Here’s a peek into my day and you will see how my attention becomes diverted from its intended course:
5:30 AM- My little babe wakes up for his morning feeding. I’m groggy from staying up late watching Netflix so I scroll Facebook to stay awake while nursing. Not off to a great start with the undivided attention! It’s early, though, so plenty of time to be a super attentive mom later.
7 AM- My preschooler comes into my room to wake me up, as I have fallen asleep again after feeding my little babe. Darn. I meant to get up after the early-morning feeding to exercise and throw in a load of laundry. No more late Netflix nights for me! My preschooler drags a huge tub of cars onto my bed and starts jumping up and down. “Will you play with me?” I yawn and tell him yes, but I need to get coffee first. I wander off to make coffee. Strike two with the undivided attention!
7:30 AM- Caffeine is kicking in and I make breakfast for my older son. He asks to watch Daniel Tiger’s Neighborhood while he is eating. I know I should turn off the TV and sit down with him at the table to talk about his upcoming day, but I keep thinking about the overflowing laundry that I should tackle and the dishes I need to put away. My phone buzzes. Could that be an email indicating my zulily package is on the way?? Attention derailed yet again.
I realized that by failing to fully connect with my boys, I was failing to be an effective parent. That was tough to admit, but I knew it was true. The increased tantrums and whining from my 3-year-old were proof that he was feeling disconnected from me. I made a commitment to spend a minimum of 10 uninterrupted, consecutive minutes playing with my older son each day while the baby was napping. The first day, my little babe went down for his nap and I saw my preschooler playing cars. This was my chance. I sat down on the floor with him and did my best Mater voice while he raced around with his Lighting McQueen car. He had a huge smile on his face and I forgot about my messy kitchen and unwashed towels.
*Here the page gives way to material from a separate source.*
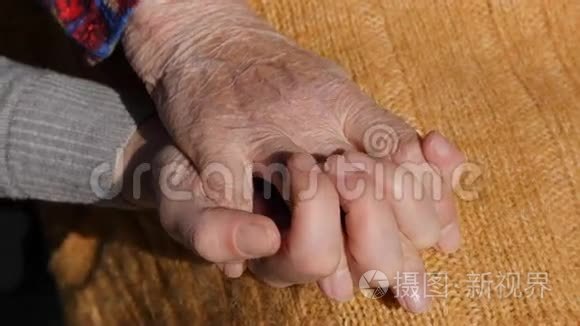 一只年轻的雌性手安慰着一双年迈的奶奶的双手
To clarify, I am in no way saying that you should only spend 10 minutes each day connecting with your children or that learning to play independently isn’t important. I’m simply advocating for making a more conscious effort to engage and connect with them one-on-one daily. In our house, that could mean sitting down on the floor to play cars, reading a few favorite books together, or simply talking about the events of the day while tucking him into bed. Most of the time I let my son take the lead as I participate in the activity of his choosing, within reason. I’ve noticed my preschooler often seems more content and less prone to tantrums when I ensure that we have some distraction-free playtime each day.
While it’s true that our days become hectic with preschool, play dates, music class, messy kitchens, t-ball, strange objects found in the dryer, lost hot wheels cars, and potty accidents, I know that giving my preschooler (and my younger son as he grows) at least 10 minutes of my undivided attention each day will help us reconnect and form a closer relationship.